Fading Coder

One Final Commit for the Last Sprint

Home > Notes > Content

Managing Redis Cache Issues and Monitoring Key Metrics

Notes May 15 1

Overview of Four Common Redis Cache Problems

Problem Symptom Mitigation Approach Remarks
Cache Warm-Up Service crashes shortly after launch Load hot entries first; accelerate loading; sync master-slave data Requires routine hot-entry analysis
Cache Avalanche Mass expiration of keys → DB overload Multi-level cache; static page rendering; optimize queries; alerting + throttling + circuit breaker + isolation; vary TTLs; permanent keys; locking; delayed refresh; adjust eviction policy Combine prevention & reaction strategies
Cache Breakdown Sudden DB spike despite stable keys Locking; pre-set TTL for likely hot keys; delayed refresh; secondary cache Focus on specific high-risk keys
Cache Penetration Gradual hit-rate drop + high CPU + DB pressure Cache nulls; whitelist via bitmap/Bloom filter; encrypt keys; monitoring + blacklist Use temporarily; remove when resolved

Cache Warm-Up

Typical Scenario

A newly deployed application using Redis crashes quickly under load due to:

  • High request volume
  • Heavy master-slave sync traffic
  • Frequent RDBMS reads

Warm-Up Process

Preparation: Identify hot entries continuously.

  • Heuristic method: Log access frequency, extract frequently read items.
  • Algorithmic method: Maintain retention queue using LRU (e.g., Storm + Kafka pipeline).

Steps:

  1. Classify entries by priority; preload high-priority items into Redis.
  2. Parallelize loading across distributed nodes to shorten duration.
  3. Preload both master and replica instances.

Execution:

  • Trigger warm-up via scheduled scripts.
  • Optionally integrate CDN for better delivery.

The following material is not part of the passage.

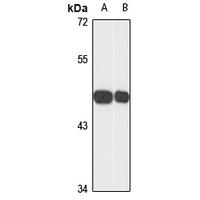 TIAL1 Rabbit Polyclonal Antibody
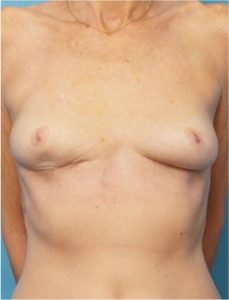 Breast Lift and Implant Removal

Summary: Preloading critical entries avoids initial DB queries, letting users hit ready-to-serve cache immediately.

Cache Avalanche

Scenario

During steady operation, DB connections surge causing:

  • Client errors: 408 (timeout), 500 (server error)
  • Server collapse: DB, app, Redis, and cluster failures even after restart

Root Cause: Many keys expire simultaneous, forcing mass DB fetches which overwhelm the DB and cascade failure.

Two origins:

  1. Cache layer failure → all requests hit DB.
  2. Bulk expiration of popular keys → direct DB hits.

Preventive Measures

  • Static rendering of high-traffic pages.
  • Multi-tier caching: User → HTTP cache → CDN → proxy cache → local process cache → distributed cache → DB.
  • Optimize slow DB operations (long queries, heavy transactions).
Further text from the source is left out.